Auteur : Michaël ESPINOSA

 

17 février 2036 – 21h57

La pluie mitraille le quai scarifié par le temps. Je rentre mes épaules, affrontant moi aussi l’attaque glacée. Mon visage ruisselle de gouttes épaisses qui coulent le long de mes joues jusqu’à mon cou. Que ce soit sur terre ou en mer, l’eau possède une puissance effroyable. Peut-on vraiment lutter contre ?

Je m’ébroue et met le pied sur la passerelle de l’USS Nebraska. J’y ai été assigné pour des raisons qui m’échappent encore. Le pire étant que je pensais ce sub’ mis au rebut suite à l’affaire du Sanctuaire. En était-il revenu d’ailleurs ? La preuve que oui, mon ordre de mission me le confirme.

Je pénètre par l’écoutille principale sans avoir rencontré un membre d’équipage. Le couloir principal du premier pont mène, selon les panneaux, à droite vers la salle de commandement, à gauche vers les premières cabines d’équipage. Je vais directement vers le quartier des couchages, mon nom devrait être affiché sur une porte. Comme d’habitude.

Le Nebraska est mon sixième navire depuis que je me suis engagé dans la navy. Je suis artilleur spécialiste des torpilles nucléaires. Je suis plutôt bon dans ma partie mais mes supérieurs me trouvent un peu trop casse-cou et habitué à l’insubordination. J’aime plutôt parler d’esprit d’initiative. L’armée préfère le premier mot.

Mon dernier navire, l’USS Schwarzenegger, est le plus récent des sous-marins. Doté d’une force de frappe impressionnante, c’est le fleuron de la navy. J’adorais ses nouvelles torpilles froides, indétectables aux sonars et munies de têtes à neutron. Mais le commandant m’a eu dans le nez. Voilà sûrement pourquoi je me retrouve sur le Nebraska, un raffiot qui n’est connu pour que sa découverte catastrophique en 2029. Un marin en uniforme bleu nuit arrive sur moi. Bizarre cette coupe à l’ancienne. Les nouveaux uniformes sont normalement beaucoup moins rigides d’aspect grâce à leur coupe dessinée par Gaultier IIIème du nom.
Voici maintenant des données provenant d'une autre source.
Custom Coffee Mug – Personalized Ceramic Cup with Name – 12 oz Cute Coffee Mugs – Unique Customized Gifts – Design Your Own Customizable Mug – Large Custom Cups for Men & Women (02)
– Excuse, guy. Les cabines c’est bien…

Il ne me regarde même pas et semble lâcher un grognement. Je le prends pour une réponse positive.

J’arrive près des premières portes. Sullivan, Connors, Culkin, Upacelski, Washington… Ah, voilà, Sommers. J’ai une cabine pour moi tout seul. Tant mieux, je ne m’embrouillerai avec personne dès le premier jour. J’entre. C’est beaucoup plus petit que mes anciens quartiers. Une couchette surmontée d’un placard, une tablette pliante sur le mur gauche, un ensemble douche/lavabo/toilettes sur la droite. Du sommaire, mais c’est la navy !

18 février 2036 – 8h24

Je n’en reviens pas de m’être endormi comme ça hier soir. Je n’ai montré ma feuille de route à personne et surtout personne n’est venu voir qui j’étais.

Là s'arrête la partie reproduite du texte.